Лилия Гущина: Мое желание продолжать заниматься тем, чем я начала заниматься, и оставить в веках портреты властителей дум, и поэтому единственное желание - это чтобы издатели осознали то, что бренд работает только в своей области, а в области литературы интересным бренд делает мастер, и признали человека, работающего с этой звездой и с этим брендом, за мастера, которого надо искать, которого надо холить, которого надо лелеять. То есть я хочу, чтобы был создан цех вот этих мастеров, и он был известен, и он был уважаем.

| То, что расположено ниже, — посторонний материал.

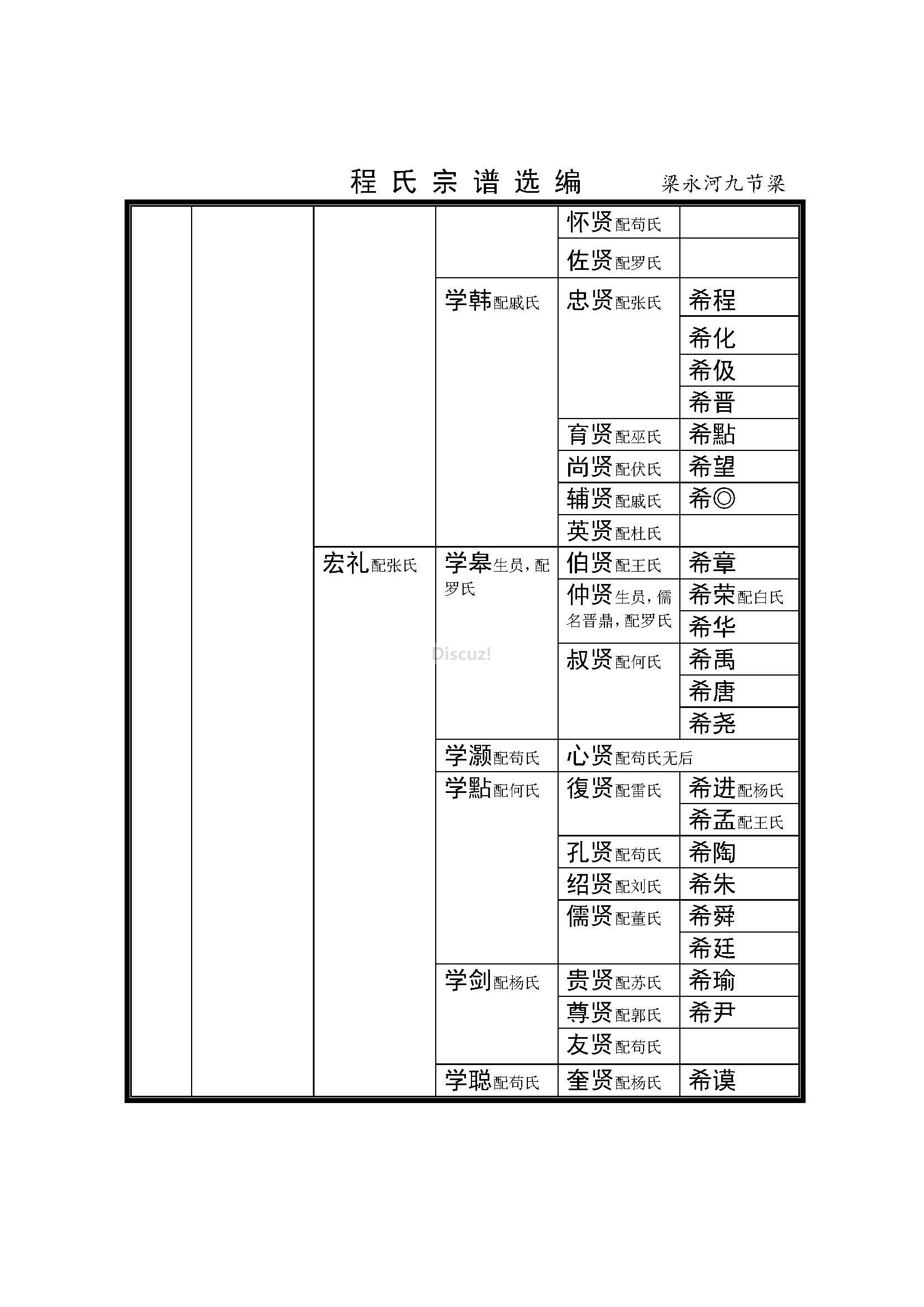 梁水河九节梁支系 (4).jpg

Наталья Смирнова: А я хочу, чтобы, как фильмах стоит имя режиссера, сценариста, оператора, на книге стояло имя того человека, который ее все-таки писал, независимо от того, интервьюирует он политика или новеллизирует фильм, текст, буквы, предложения, интонация принадлежат ему, и поэтому вот это имя должно быть обязательно его. И мне кажется, что эти имена не надо скрывать.
Дмитрий Сафонов: А я хочу просто сказать: ребята, верьте в себя, пишите свое, пробивайтесь, добивайтесь, все будет хорошо. Если подворачивается возможность заработка, будь то в "Макдоналдсе" или в такси, или литературным негром написать что-нибудь, не стесняйтесь, делайте это, ничего страшного.
Ирина Тулубьева: Я хочу сказать, что, конечно, это намного более симпатичное занятие, чем грабить старушек, зарабатывать деньги. Но призывать издателей уважать авторов - это все правильно, но надо начинать все-таки с самих авторов. Я вот призываю авторов уважать себя. Себя уважайте и требуйте указания своего имени, не важно, на обложке, на титуле, с этого все начинается. Если ваше имя будет каким-то образом указано в книге, ваши права будут уважать и дальше, и у вас есть возможность защищать себя и свои интересы.
Елена Фанайлова: Таково было мнение юриста Ирины Тулубьевой. Ну, и литератор Лиля Гущина не может удержаться от последней реплики.
Лилия Гущина: Я считаю, что правовое государство - это когда человек защищен вне зависимости от того, требует он соблюдения своих прав, имеет он храбрость настоять, имеет он настойчивость вытрясти это из редактора. Правовое государство - это когда он защищен самим законом, а не своим личным качеством каким-то - пробивным или прочим. Не надо начинать с себя. Я не могу заставить человека любого не бояться милиционера. Должно быть создано такое государство, когда вне зависимости от того, храбр я или не храбр, я не боюсь.